Rc: value -> allocation

src/liballoc/rc.rs

@@ -4,7 +4,8 @@
 //! The type [`Rc<T>`][`Rc`] provides shared ownership of a value of type `T`,
 //! allocated in the heap. Invoking [`clone`][clone] on [`Rc`] produces a new
 //! pointer to the same allocation in the heap. When the last [`Rc`] pointer to a
-//! given allocation is destroyed, the pointed-to value is also destroyed.
+//! given allocation is destroyed, the value stored in that allocation (often
+//! referred to as "inner value") is also dropped.
 //!
 //! Shared references in Rust disallow mutation by default, and [`Rc`]

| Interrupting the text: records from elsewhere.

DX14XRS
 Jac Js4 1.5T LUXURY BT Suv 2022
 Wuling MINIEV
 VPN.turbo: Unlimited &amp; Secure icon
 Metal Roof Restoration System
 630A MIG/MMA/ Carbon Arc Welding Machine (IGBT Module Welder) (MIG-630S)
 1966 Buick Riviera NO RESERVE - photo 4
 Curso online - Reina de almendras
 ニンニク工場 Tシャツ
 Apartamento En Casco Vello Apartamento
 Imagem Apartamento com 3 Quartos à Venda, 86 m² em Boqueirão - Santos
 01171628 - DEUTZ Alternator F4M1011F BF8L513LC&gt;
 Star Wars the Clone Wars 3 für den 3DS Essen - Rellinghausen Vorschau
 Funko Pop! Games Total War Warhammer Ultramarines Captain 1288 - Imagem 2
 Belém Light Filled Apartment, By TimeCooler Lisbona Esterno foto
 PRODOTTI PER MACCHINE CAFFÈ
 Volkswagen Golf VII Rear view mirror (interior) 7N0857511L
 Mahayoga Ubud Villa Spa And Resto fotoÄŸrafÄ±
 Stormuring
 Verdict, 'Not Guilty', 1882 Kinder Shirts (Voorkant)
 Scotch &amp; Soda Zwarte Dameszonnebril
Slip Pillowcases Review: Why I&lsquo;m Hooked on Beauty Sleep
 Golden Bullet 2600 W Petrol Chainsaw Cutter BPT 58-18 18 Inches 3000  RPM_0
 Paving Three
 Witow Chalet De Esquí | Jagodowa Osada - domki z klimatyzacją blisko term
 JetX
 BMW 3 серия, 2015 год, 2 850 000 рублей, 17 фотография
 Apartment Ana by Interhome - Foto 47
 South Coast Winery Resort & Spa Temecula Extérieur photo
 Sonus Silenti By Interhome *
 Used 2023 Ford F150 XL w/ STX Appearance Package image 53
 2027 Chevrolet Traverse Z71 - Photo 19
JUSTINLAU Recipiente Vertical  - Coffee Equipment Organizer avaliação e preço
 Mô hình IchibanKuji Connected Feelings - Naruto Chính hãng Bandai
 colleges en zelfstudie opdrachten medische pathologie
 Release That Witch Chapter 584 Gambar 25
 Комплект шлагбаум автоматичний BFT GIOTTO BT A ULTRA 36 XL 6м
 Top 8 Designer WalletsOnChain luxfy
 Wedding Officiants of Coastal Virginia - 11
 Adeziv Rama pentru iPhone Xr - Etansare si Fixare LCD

 //! is no exception: you cannot generally obtain a mutable reference to
@@ -21,8 +22,10 @@
 //!
 //! The [`downgrade`][downgrade] method can be used to create a non-owning
 //! [`Weak`] pointer. A [`Weak`] pointer can be [`upgrade`][upgrade]d
-//! to an [`Rc`], but this will return [`None`] if the allocation has
-//! already been dropped.
+//! to an [`Rc`], but this will return [`None`] if the value stored in the allocation has
+//! already been dropped. In other words, `Weak` pointers do not keep the value
+//! inside the allocation alive; however, they *do* keep the allocation
+//! (the backing store for the value) alive.
 //!
 //! A cycle between [`Rc`] pointers will never be deallocated. For this reason,
 //! [`Weak`] is used to break cycles. For example, a tree could have strong
@@ -46,8 +49,8 @@
 //!
 //! # Cloning references
 //!
-//! Creating a new reference from an existing reference counted pointer is done using the
-//! `Clone` trait implemented for [`Rc<T>`][`Rc`] and [`Weak<T>`][`Weak`].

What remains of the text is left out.